Start of Information shown
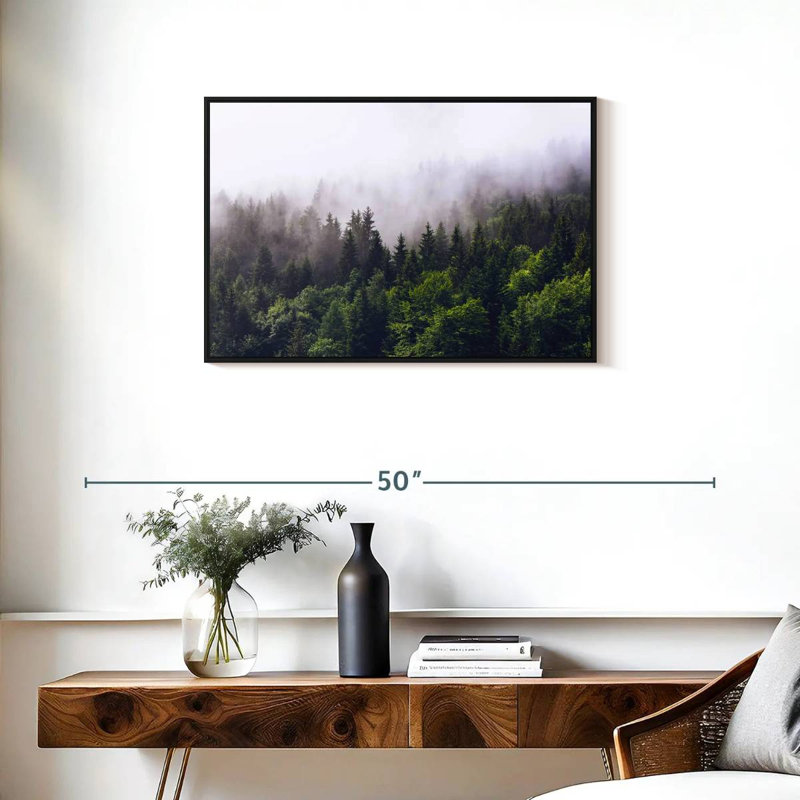 Misty Pine Forest, 21" H x 31" W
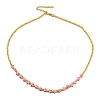 Synthetic Imperial Jasper Beaded Necklaces NJEW-P311-04C-G-1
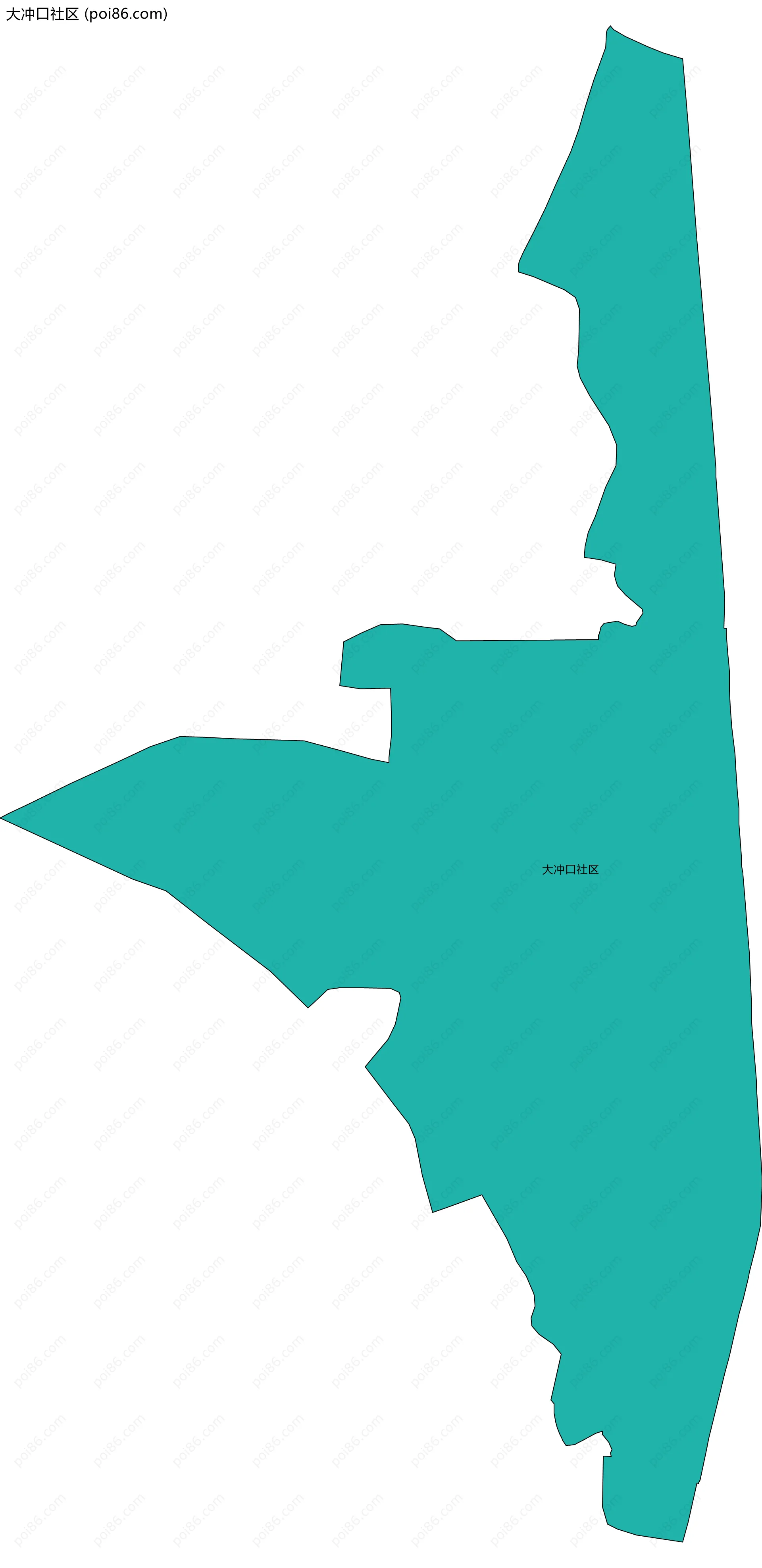 大冲口社区边界地图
End of Information shown
→ **Your goal**: Line by line, output the material above exactly, passing over the pictures.

→ **Your response**:
 Misty Pine Forest, 21" H x 31" W
 Synthetic Imperial Jasper Beaded Necklaces NJEW-P311-04C-G-1
 大冲口社区边界地图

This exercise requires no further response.